One company is turning the waste generated by coffee production into a tasty and sustainable flour alternative.

February 24, 2017
A tower of cookies made with coffee flour
Matt Rainey

Each year, coffee production creates billions of pounds of waste when processors discard the fruit encompassing the coffee bean. To tackle this, Dan Belliveau invented Coffee Flour made from the dried pulp. It’s rich in antioxidants, fiber, and iron, and a dash of it adds an intoxicating cherry-like flavor to baked goods. Since the company began production in 2014, it’s prevented a whopping 38 million pounds of waste from heading to landfills.

(Sign up for our FREE newsletter to get clever kitchen tricks, gardening secrets, and more delivered straight to your inbox!)



9 ounces unbleached all-purpose flour (2 cups)
1½ ounces Coffee Flour (⅓ cup)
2 teaspoons kosher salt
1 teaspoon baking soda
8 ounces (2 sticks) unsalted butter, softened
1 cup dark brown sugar
½ cup granulated sugar
1 tablespoon vanilla extract
2 large eggs, room temperature
2 cups chocolate chips

1. In a bowl, combine flour, Coffee Flour, salt, and baking soda.

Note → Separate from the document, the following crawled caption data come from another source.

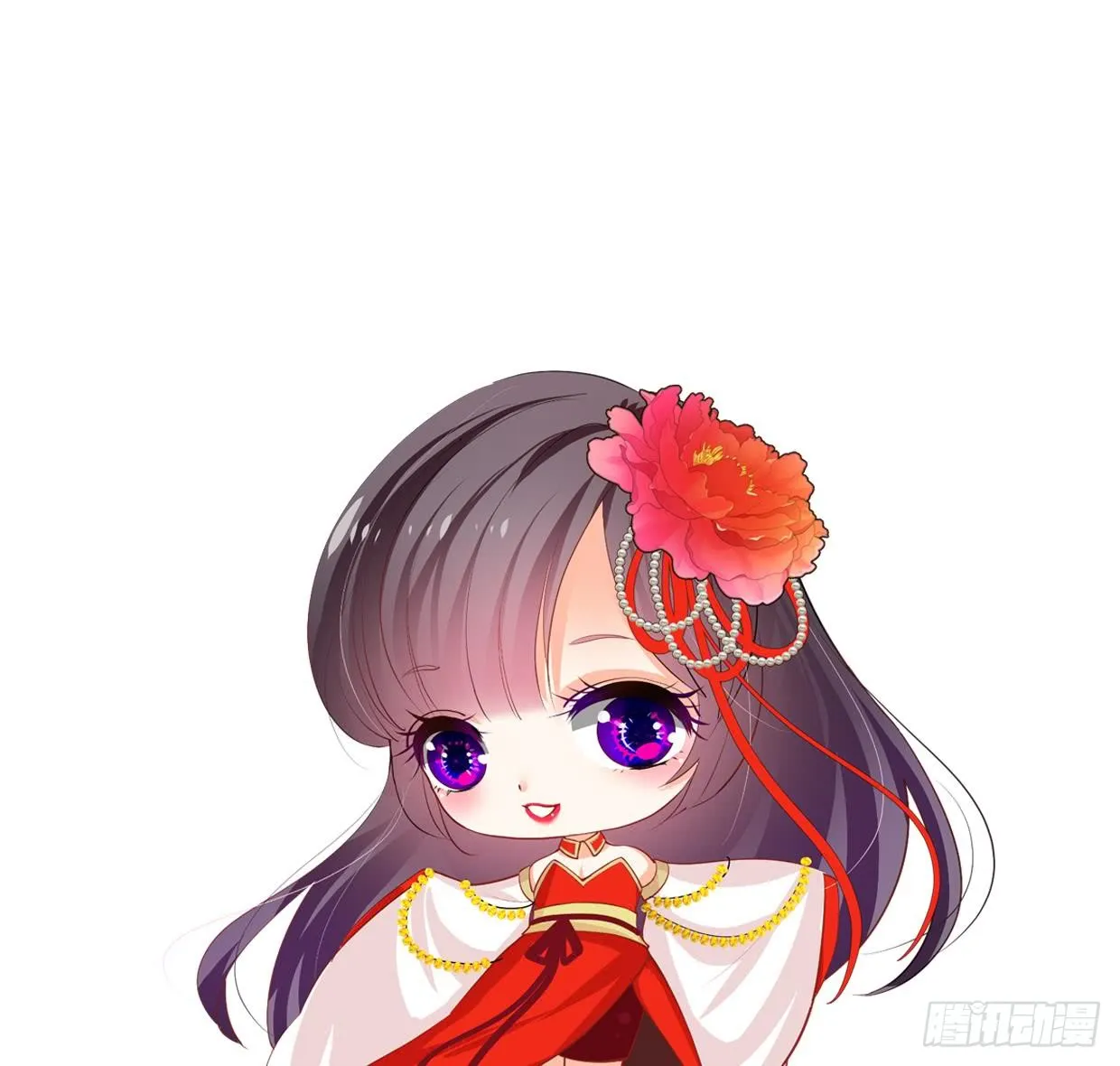 第78页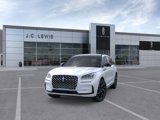 New 2025 Lincoln Corsair Grand Touring image 4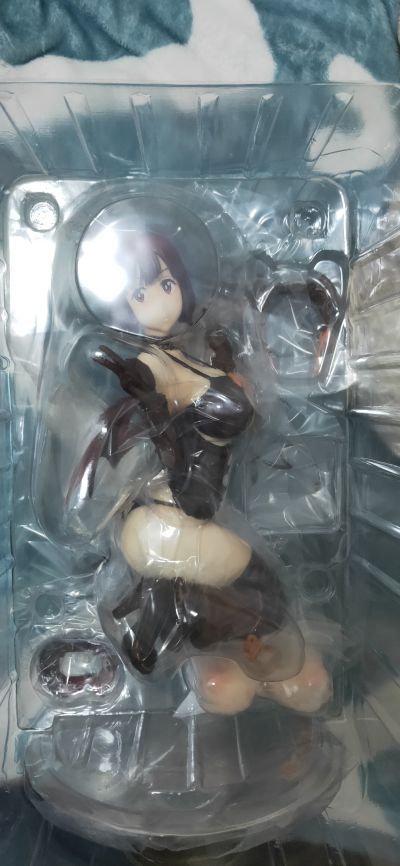 漫研！田和轮满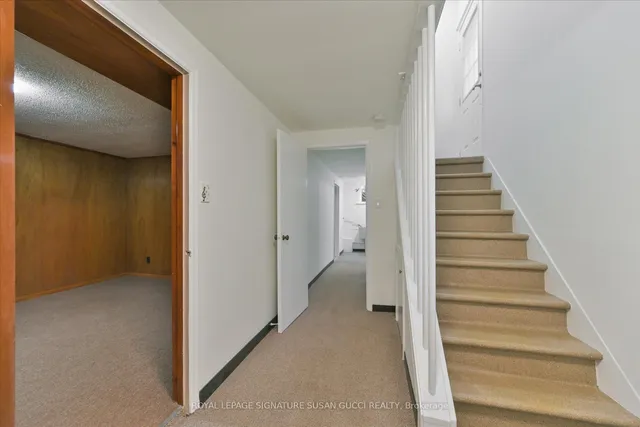 Additional image 24 of 2175 Dufferin St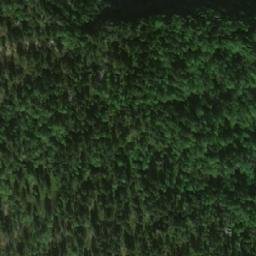 Satellite imagery of Kvitneset, NO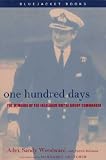 One Hundred Days     **ISBN: 9781557506528**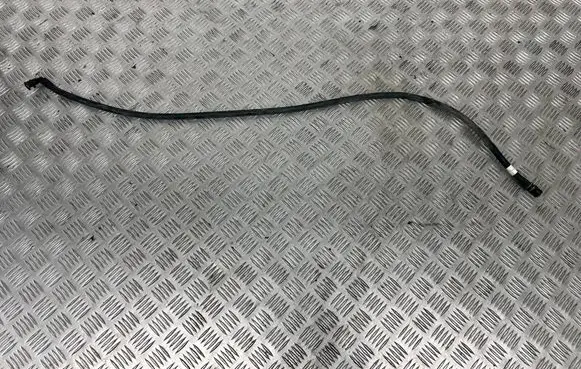 BMW X1 E84 Headlight washer hose/pipe 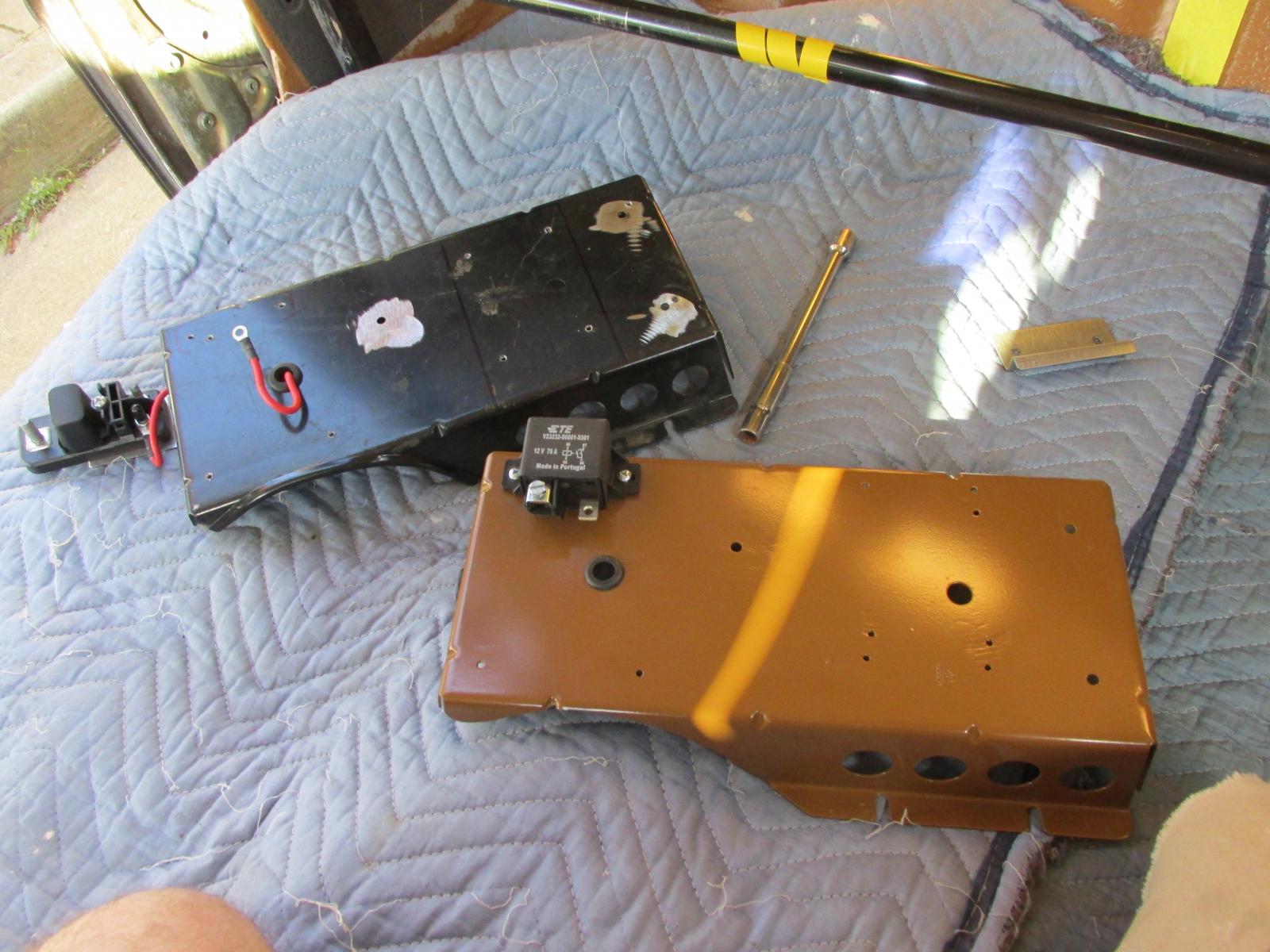 Image may have been reduced in size. Click image to view fullscreen.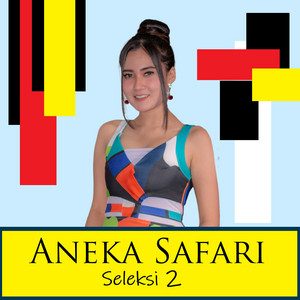 Download Lagu Suliyana - Kesikso Kangen MP3 Download Lagu Suliyana - Kesikso Kangen MP3
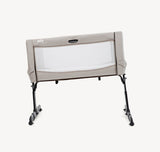 Roomie™ Go Travel Bedside Crib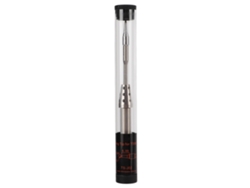 Punta De Repuesto Para Soldador, Resistente A Altas Temperaturas De 300℃ A 360℃, Para El Modelo Ts80 (tsj02 106 Mm).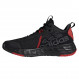 Ownthegame 2.0 Chaussure Homme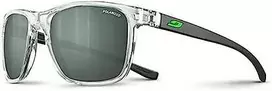 Akiniai Julbo Trip Polerizuoti 3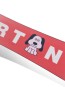 Artikelbild 4 des Artikels “PROCESS FLYING V WIDE Snowboard 2027 good dog 162W“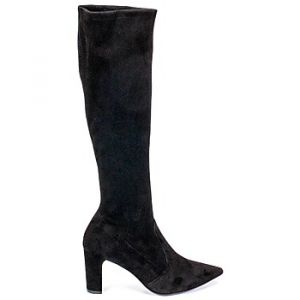 Perlato Bottes JEANY - Couleur 36,40,41 - Taille Noir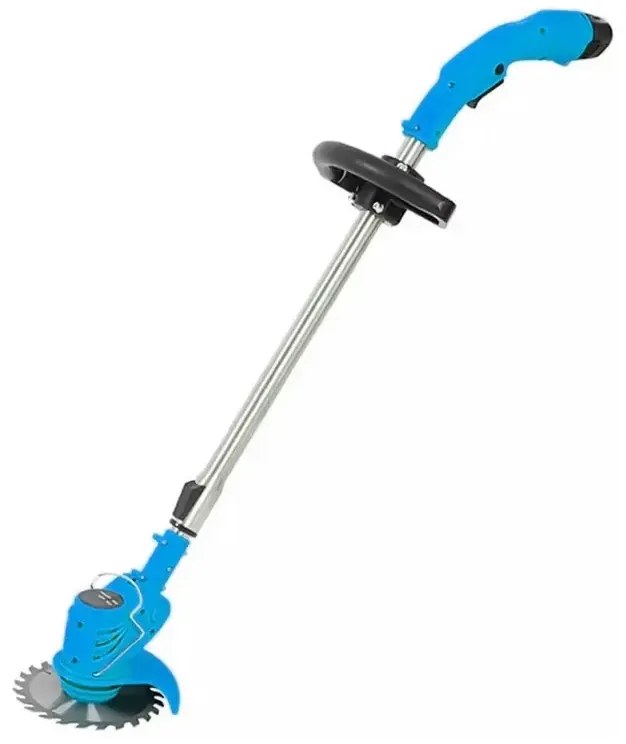 Akumulátorový krovinorez VTR-04023 s príslušenstvom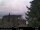 Webcam in North Bend, Washington, 25.2 mi away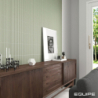 COSTA NOVA ONDA TANSY GREEN MAT 5X20 (P.65155)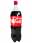 09133485: Coca Cola Bouteille PET x8 Pack Pro 1,5l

2. In a large bowl, combine butter, sugars, and vanilla; beat on medium-high with a hand mixer until smooth, 3 minutes. Add eggs; blend until just combined. Add flour mixture in 2 batches, beating on low until a dough forms. Add chocolate chips; blend until just incorporated. Cover and chill 30 minutes.

3. Heat oven to 350 degrees. Line 2 cookie sheets with parchment paper. Roll dough into 1½-inch balls; place 2" apart on sheets. Bake until set, 13–14 minutes, rotating sheets once during baking. Cool on sheets 1 minute. Transfer to a rack to cool completely.